It will work but things are addressed on the wrong level in my opinion.
syslog: each container now has it's own logs to handle. If you want them to be persistent/forwarded it might be better if all containers could share the /dev/log device of the host (not sure of the implications though).
ssh: lxc-attach. Docker should expose that.
zombies: it's a bug in the program to not wait(1) on child processes.
cron: make a separate container that runs cron.
init crashes: bug in the program again. it's possible to use the hosts's init system to restart a container if necessary.
Zombies: this is not about child processes created by the program. It's about child processes created by child processes! For example what if your app spawns another app that daemonizes by double forking? Your PID 1 has to reap all adopted child processes, not just the ones it spawned.
Then it's a bug in the child process. Turtles all the way down. Also, double-forking is a hack that should burn in hell.
EDIT to the reply below: It's still a design issue but I agree that it's not always practical to change existing software. A small PID1 wrapper that reaps zombie processes and execs the target program would be a good middle-ground.
It's not. Most apps rightfully expect that they're not PID 1, and that the real PID 1 takes care of that sort of stuff. Only in a container does it happen often that your totally-not-designed-to-be-a-PID-1 app, actually is PID 1.

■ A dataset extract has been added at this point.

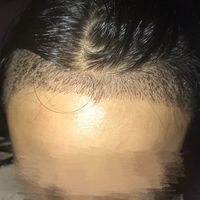 發(fā)際線用戶圖片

What if you're creating a PostgreSQL container, and your init script spawns a daemon, after which it exec()s the PostgreSQL server process as PID 1? The daemon then spawns a few processes that fork a few times. PostgreSQL only waitpid()s on its own postmaster worker processes and so those other processes become zombies. Are you telling me that PostgreSQL is broken and that you have to patch PostgreSQL?
I think using a proper init system, and running PostgreSQL under it, is a much saner view on things. The small wrapper that you mentioned is exactly the /sbin/my_init provided by baseimage-docker.
syslog: each container now has it's own logs to handle. If you want them to be persistent/forwarded it might be better if all containers could share the /dev/log device of the host (not sure of the implications though).
ssh: lxc-attach. Docker should expose that.
zombies: it's a bug in the program to not wait(1) on child processes.
cron: make a separate container that runs cron.
init crashes: bug in the program again. it's possible to use the hosts's init system to restart a container if necessary.